Short web captions
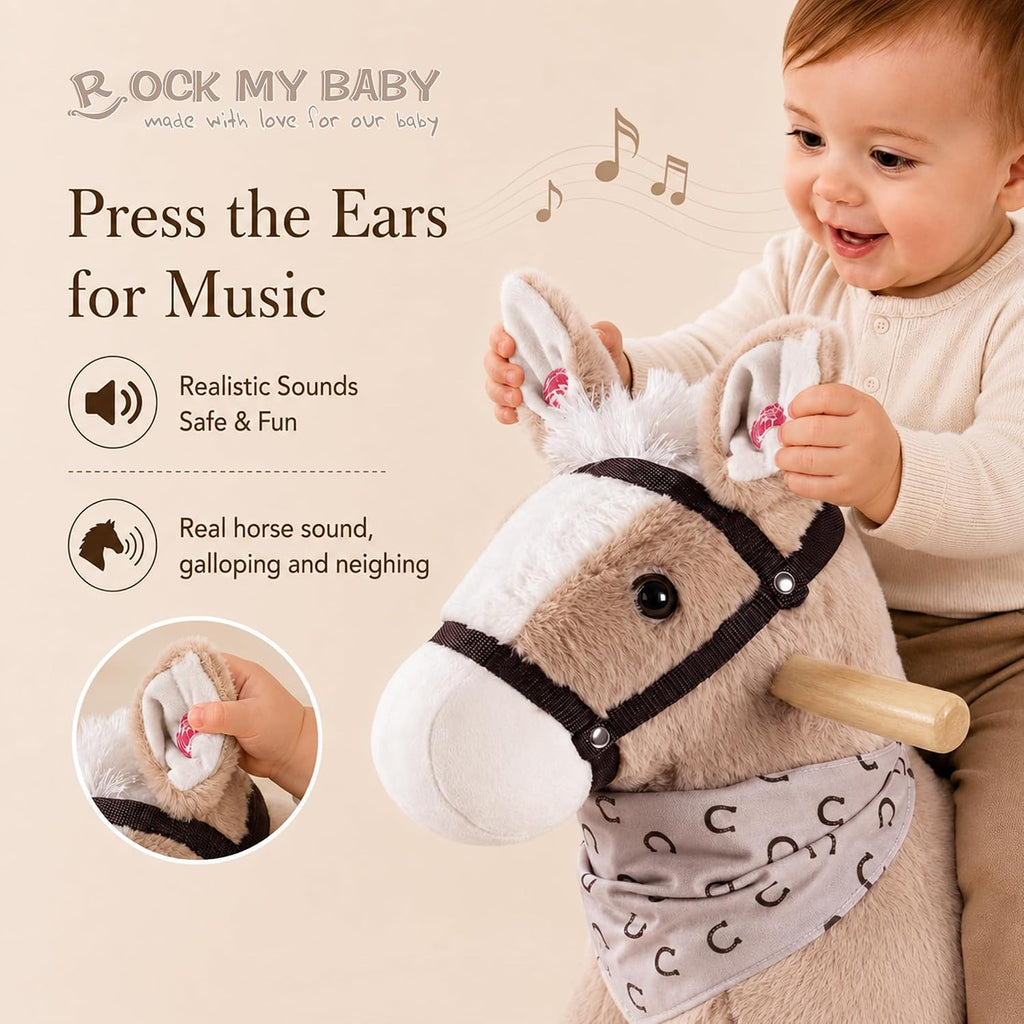 My Baby Rocking Horse with Seat, Plush Ride-On Rocker with Realistic Sound, Wooden Rocking Horse for Toddlers Ages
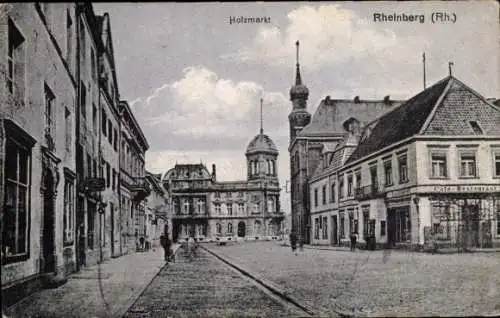 Ak Rheinberg NRW, Holzmarkt, Cafe Restaurant, Passanten, Rathaus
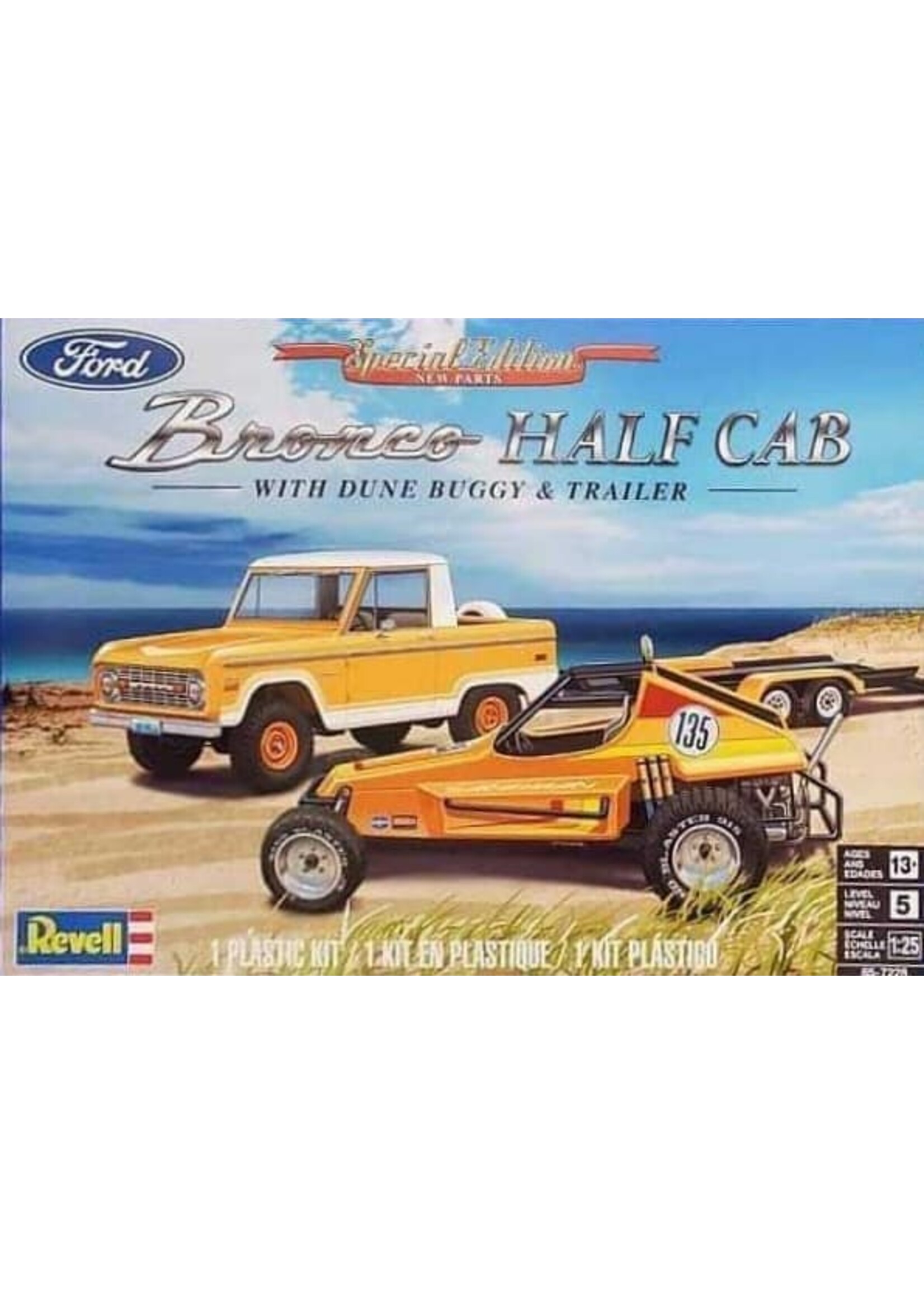 Revell REV7228 Ford Bronco Half Cab with Dune Buggy & Trailer (1/25)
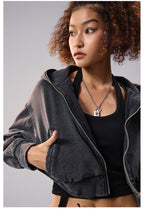 Remedy Backpack Design Washed Denim Short Jacket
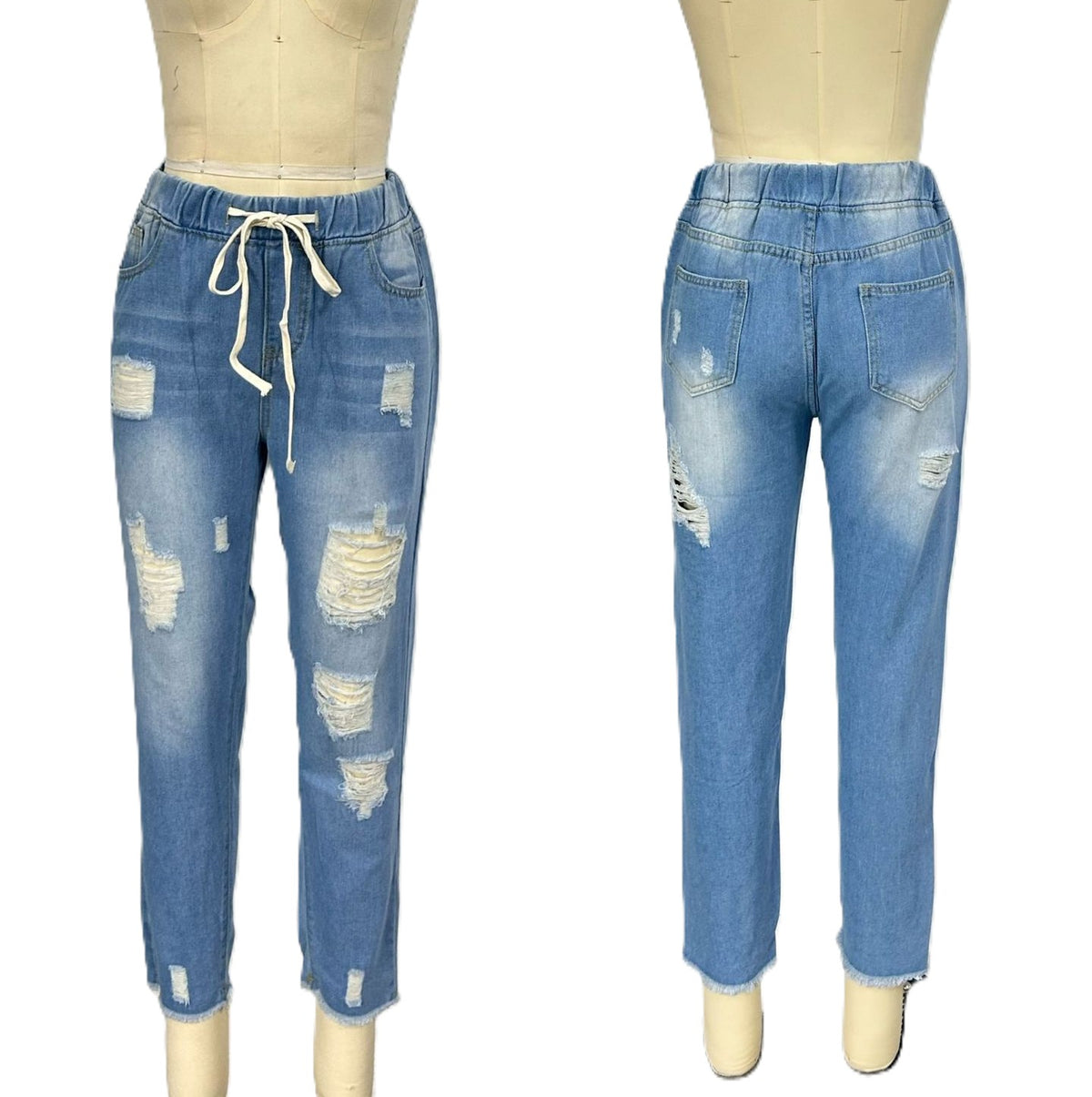 Distressed Cuffed Hem Pull On Jeans - Blue - 1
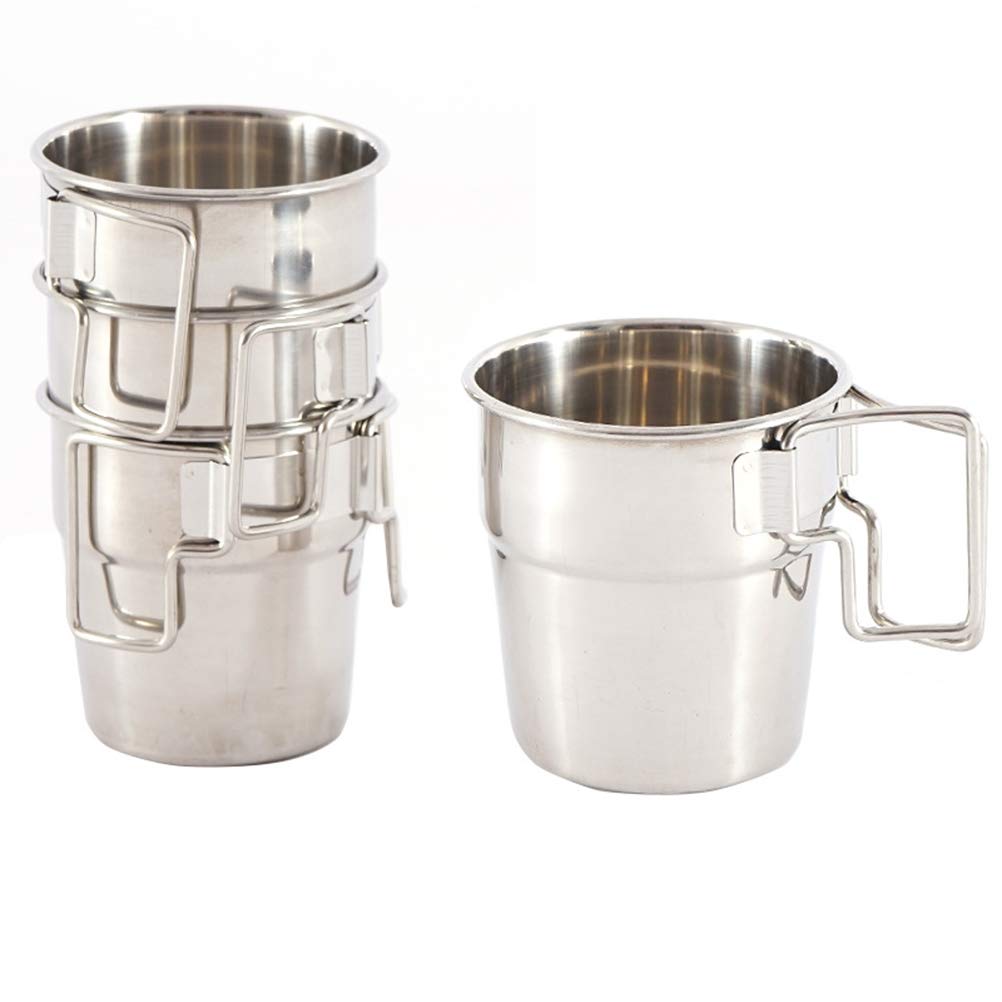 Oyria Doherty stackable camping cups with folding handle for easy backpacking.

What is required: Reproduce every line above as written, skipping pictures.

Task response:
 My Baby Rocking Horse with Seat, Plush Ride-On Rocker with Realistic Sound, Wooden Rocking Horse for Toddlers Ages
 Ak Rheinberg NRW, Holzmarkt, Cafe Restaurant, Passanten, Rathaus
 Revell REV7228 Ford Bronco Half Cab with Dune Buggy & Trailer (1/25)
 Remedy Backpack Design Washed Denim Short Jacket
 Distressed Cuffed Hem Pull On Jeans - Blue - 1
 Oyria Doherty stackable camping cups with folding handle for easy backpacking.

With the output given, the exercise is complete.